Wednesday, January 08, 2014

Shenita Ann McLean: "Politics of Black Superwoman Otherness"

After focusing on the plight and struggle of Black men this past week, I'm going to spend the next few days focusing on Black women. This is not a topic I've addressed specifically on this blog as much. It's not because I don't think about and teach about it. I'm aware that Black women -- and women of color, in general -- have two burdens: White Supremacy and the patriarchy (the system that puts men in the dominant power position in the world on the premise that men deserve it). I teach entire separate courses in gender and sexuality, as well as race. And in doing that, I often bounce back and forth to demonstrate that oppression is oppression.

But the intersectionality that will ever bind race, class, gender, sexuality and all other forms of oppression makes the situation of women of color so painful and so nuanced and so close to my woman's heart that I haven't felt confident to present it as fully as it deserves to be presented. I have to change this and the way to do so is to give women of color and Black women, in particular, more regular and specific attention on this blog. The only way I feel able to adequately do this is by taking the opportunity to give Black women the space to make their own voices heard. This has been too long in coming and for that I apologize.
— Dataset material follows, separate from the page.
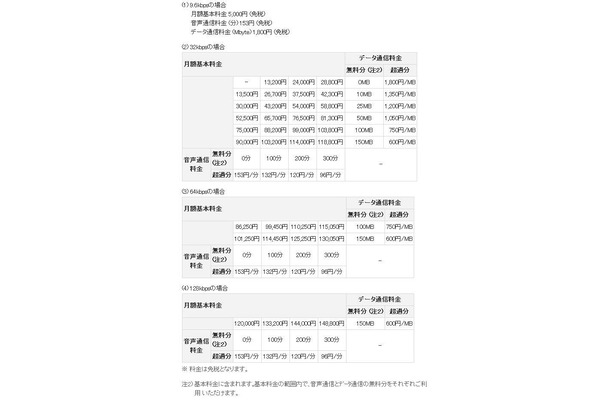 月額基本料金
For starters, I'm re-posting (with permission) Shenita Ann McLean's essay entitled, "Politics of Black Superwoman Otherness." It was originally posted on January 1, 2014, at Buckle up. This one's gonna take you for a ride.
"Politics of Black Superwoman Otherness"
by Shenita Ann McLean

I am a poor Black woman in America.  I have privileges, yes (e.g. cisheterosexual, able bodied, education). But let’s understand something here, privileges aren’t linear or additive so its not some easy equation where you add them with disadvantage & they just spit out your statistical likelihood to get fucked over or get over on someone else.  So let me say this again, I am a poor Black woman in America.  And quite frankly, I’m pissed.  But a number of the components of my identity don’t allow me to be pissed/angry/dissatisfied or hell, even tired.  You know why?  Well you probably do.  There is a politic to being a Black woman.  There is a kind of superwomanly otherness associated with such being.  Many of you see “superwoman” & either begin signing that Alicia Keys song or for some odd reason think it’s a good thing.  It’s not.  Strong Black Woman (SBW)! Oh, I’d be rich if I got a penny for every time I have been called that shit. It’s not a compliment either.  Being called an SBW is practically equivalent to Superman being called Kal El.  It’s within the same complexity and otherness of superwomanhood.  You got the regular name/alias, you got “superwoman”, then SBW hailing from some distant planet that imperialist White supremacist racist cisheteropatriarchal capitalism deems odd where Black women are these Amazonian, freak of nature beings who suffer the pain of their lives & others all with a smile on their face.  The superwomanhood of Black women is not a compliment, honey.  Tamara Beauboeuf-Lafontant states, “And herein lies the problem. Because the idea of strength appears to honestly reflect Black women’s extensive work and family demands, as well as their accomplishments under far from favorable social conditions, the concept seems to provide a simple and in fact honorable recognition of their lives” (2009:2).  Let me help you understand why.  Let us go to the book of sister Michele Wallace to define the definition of SBW:
Through the intricate web of mythology which surrounds the black woman, a fundamental image emerges. It is of a woman of inordinate strength, with an ability for tolerating an unusual amount of misery and heavy, distasteful work. This woman does not have the same fears, weaknesses, and insecurities as other women, but believes herself to be and is, in fact, stronger emotionally than most men. Less of a woman in that she is less “feminine” and helpless, she is really more of a woman in that she is the embodiment of Mother Earth, the quintessential mother with infinite sexual, life-giving, and nurturing reserves.  In other words, she is a superwoman (1990:107).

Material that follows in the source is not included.